▶ [Task statement] Look below for the line with "Construction worker with", then give it again exactly, along with every line that comes after it, the final line included.

※ ※ ※

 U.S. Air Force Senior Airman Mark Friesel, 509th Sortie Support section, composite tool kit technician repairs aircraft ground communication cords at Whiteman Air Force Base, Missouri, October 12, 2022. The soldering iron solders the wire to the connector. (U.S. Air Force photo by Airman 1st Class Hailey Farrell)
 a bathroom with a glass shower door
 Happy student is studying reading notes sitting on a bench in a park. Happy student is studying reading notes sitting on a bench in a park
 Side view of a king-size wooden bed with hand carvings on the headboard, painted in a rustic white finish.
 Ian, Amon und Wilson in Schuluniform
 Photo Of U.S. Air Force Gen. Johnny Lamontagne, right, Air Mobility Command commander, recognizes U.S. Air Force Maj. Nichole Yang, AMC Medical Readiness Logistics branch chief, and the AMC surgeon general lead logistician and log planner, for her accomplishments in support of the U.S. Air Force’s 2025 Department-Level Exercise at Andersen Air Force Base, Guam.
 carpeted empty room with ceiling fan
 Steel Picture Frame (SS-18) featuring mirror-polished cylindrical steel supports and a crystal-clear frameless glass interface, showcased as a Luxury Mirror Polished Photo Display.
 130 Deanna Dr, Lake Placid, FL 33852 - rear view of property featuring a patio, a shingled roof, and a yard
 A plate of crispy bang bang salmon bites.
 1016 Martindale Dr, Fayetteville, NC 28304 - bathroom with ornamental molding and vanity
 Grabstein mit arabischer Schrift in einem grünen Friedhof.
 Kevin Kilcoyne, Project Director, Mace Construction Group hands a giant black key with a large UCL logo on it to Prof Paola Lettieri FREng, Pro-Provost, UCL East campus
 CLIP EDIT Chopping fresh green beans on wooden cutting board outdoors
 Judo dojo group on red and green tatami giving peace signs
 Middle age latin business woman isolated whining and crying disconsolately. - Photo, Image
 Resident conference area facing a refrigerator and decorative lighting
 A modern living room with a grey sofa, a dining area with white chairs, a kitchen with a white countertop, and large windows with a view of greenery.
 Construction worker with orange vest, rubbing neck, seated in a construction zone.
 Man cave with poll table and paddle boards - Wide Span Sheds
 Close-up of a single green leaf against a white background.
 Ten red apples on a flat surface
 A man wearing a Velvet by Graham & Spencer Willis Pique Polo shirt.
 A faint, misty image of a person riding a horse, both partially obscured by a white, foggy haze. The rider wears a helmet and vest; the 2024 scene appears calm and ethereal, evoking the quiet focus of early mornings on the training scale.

※ ※ ※

▶ [Result below]
 Construction worker with orange vest, rubbing neck, seated in a construction zone.
 Man cave with poll table and paddle boards - Wide Span Sheds
 Close-up of a single green leaf against a white background.
 Ten red apples on a flat surface
 A man wearing a Velvet by Graham & Spencer Willis Pique Polo shirt.
 A faint, misty image of a person riding a horse, both partially obscured by a white, foggy haze. The rider wears a helmet and vest; the 2024 scene appears calm and ethereal, evoking the quiet focus of early mornings on the training scale.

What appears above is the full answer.